▸ Data supplied
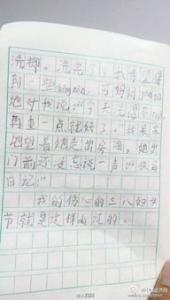 七彩南宁的小学二年级作文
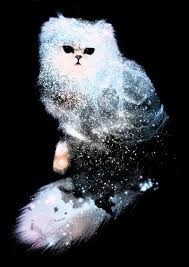 Pin By Clarissa Doran On Arts And Farts Star Art Cat Art Art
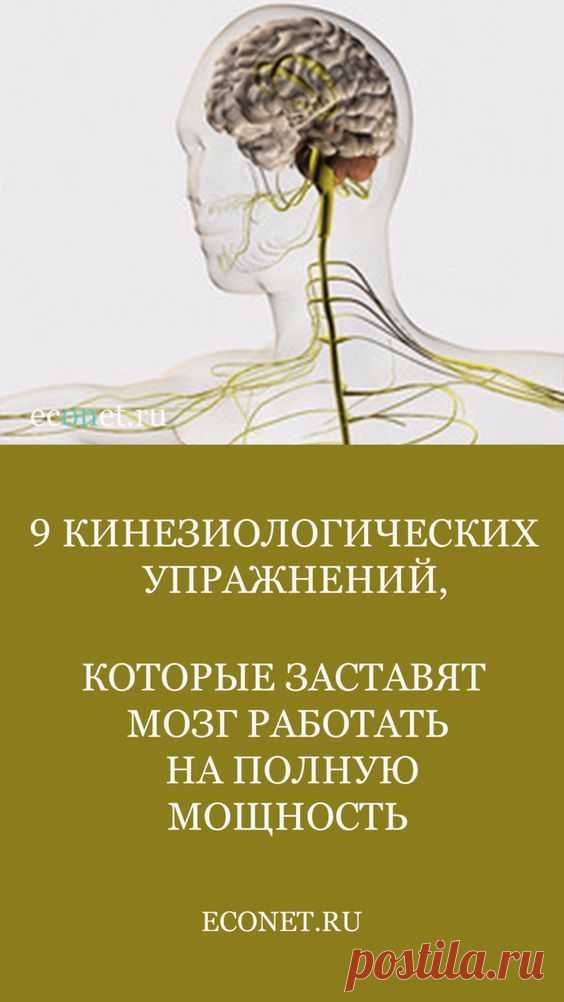 9 кинезиологических упражнений, которые заставят мозг работать на полную мощность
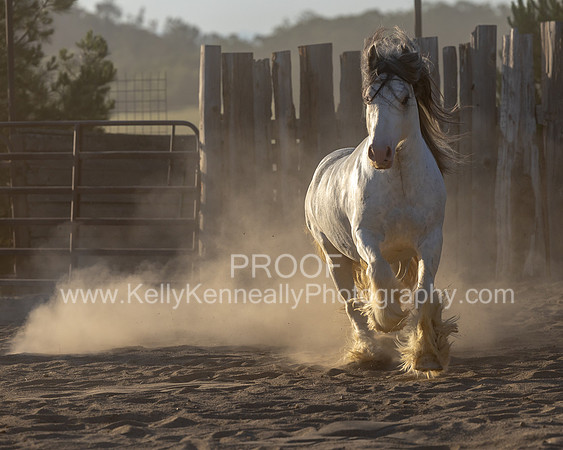 ThunderMay25_3663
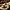 https://res.cloudinary.com/billionhands/image/upload/v1775386741/items/tfuaj9ozor8qgpxhdbhc.jpg-1cover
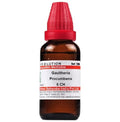 Dr. Willmar Schwabe India Gaultheria Procumbens Dilution
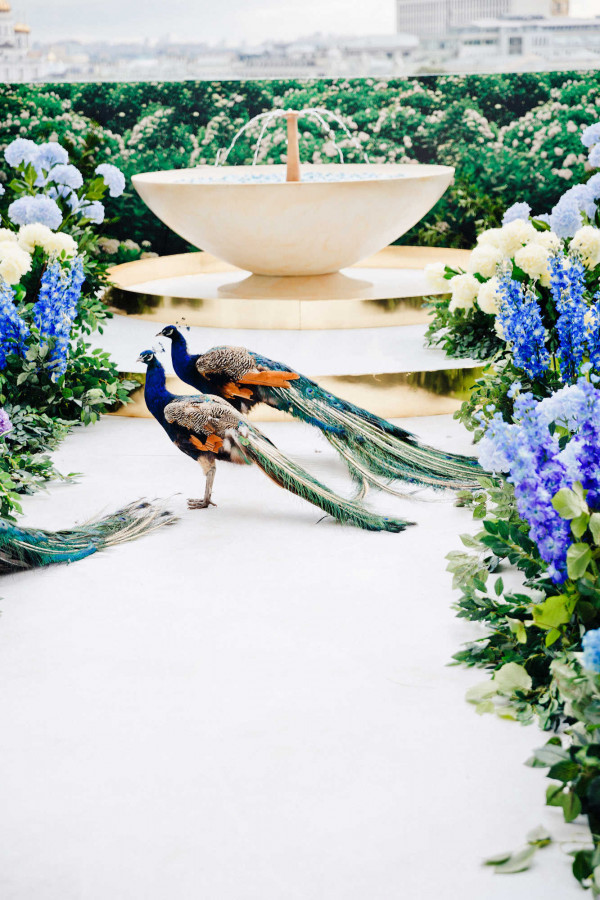 Яркая свадьба в нежно-лавандовых оттенках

▸ Problem requirements
Take the lines from the one that contains "Dr. Willmar Schwabe" through the last line of the material above and reproduce them exactly, leaving out any pictures.

▸ Solution to this task
 Dr. Willmar Schwabe India Gaultheria Procumbens Dilution
 Яркая свадьба в нежно-лавандовых оттенках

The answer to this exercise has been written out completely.